Herr Buck, Sie verstehen sich stark als Evangelist der Digitalisierung im eigenen Unternehmen. Wie stehen Sie in diesem Zusammenhang dem Tandem-Konzept aus CIO und CDO gegenüber, wie es in vielen Unternehmen praktiziert wird?

Buck: In den letzten Jahren haben sich einige Unternehmen für ein solches Modell entschieden, einige haben auch wieder Abstand von der Trennung von CIO und CDO genommen. Um es klar zu sagen: Für mich ist die Trennung kein tragfähiges Konzept. Der CIO ist qua Definition eine Schnittstellenfunktion und die Digitalisierung letztlich ein IT-Thema. Bei uns liegen die entsprechenden Ressourcen und das Knowhow, digitale Technologien zu antizipieren und auch umzusetzen.
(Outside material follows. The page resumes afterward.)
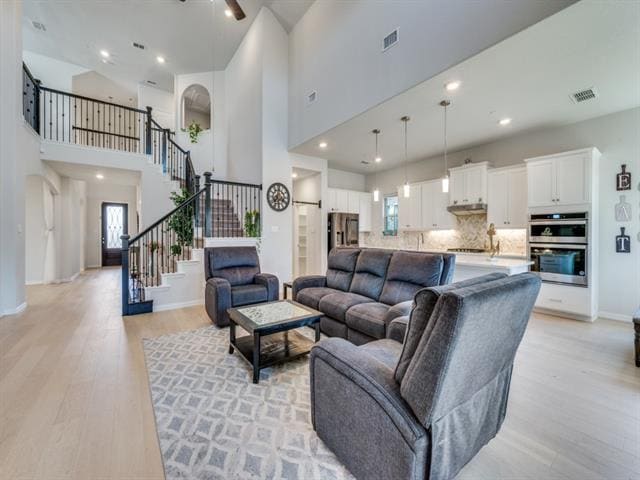 Building Photo - 2094 Creekbluff Cir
Neue Digitaleinheiten mit einem CDO als Kopf sind oft schmaler besetzt und benötigen dann häufiger wieder das Backup aus der IT. Bei Vitesco Technologies sind wir in der IT sehr nah am Business und tauschen uns intensiv über Digitalisierung aus, weswegen eine eigene Digital Unit bei uns nicht existiert.

Das Interview führten: Pascal Nagel und Yannick Tiedemann

Zur Person: Lina Eddisi

Lina Eddisi
(Bild: Vitesco Technologies)

Nach ihrem Master-Abschluss in Strategy & Entrepreneurship arbeitete Lina Eddisi zunächst in der PR bei Estée Lauder Companies und bei Walt Disney. 2014 wechselte sie in die Autoindustrie als Senior Manager M&A and Strategy bei Elektrobit und drei Jahre später als Head of Incubation bei Continental. Seit dem Spin-off der Vitesco Technologies verantwortet sie dort IT-Strategiethemen und ist seit 2023 Head of IT Strategy beim Antriebsspezialisten. Sie wohnt und arbeitet in Berlin.

Zur Person: Thomas Buck

Thomas Buck
(Bild: Vitesco Technologies)

Seit Januar 2019 ist Thomas Buck CIO bei Vitesco Technologies. Er begleitete die Abspaltung der Antriebssparte vom Mutterkonzern Continental, wo er zuvor als CIO der Automotive-Sparte tätig war. Der Diplom-Ingenieur (FH) für Maschinenbau kam nach seinem Berufseinstieg bei einem mittelständischen IT-Dienstleister sowie diversen Funktionen bei Siemens VDO als Leiter Engineering Data Management zu Continental Automotive. Im Juli 2011 wurde er zum Leiter der Abteilung Unternehmensinfrastruktur im Bereich Corporate IT ernannt. Die Position bekleidete er bis Juni 2016.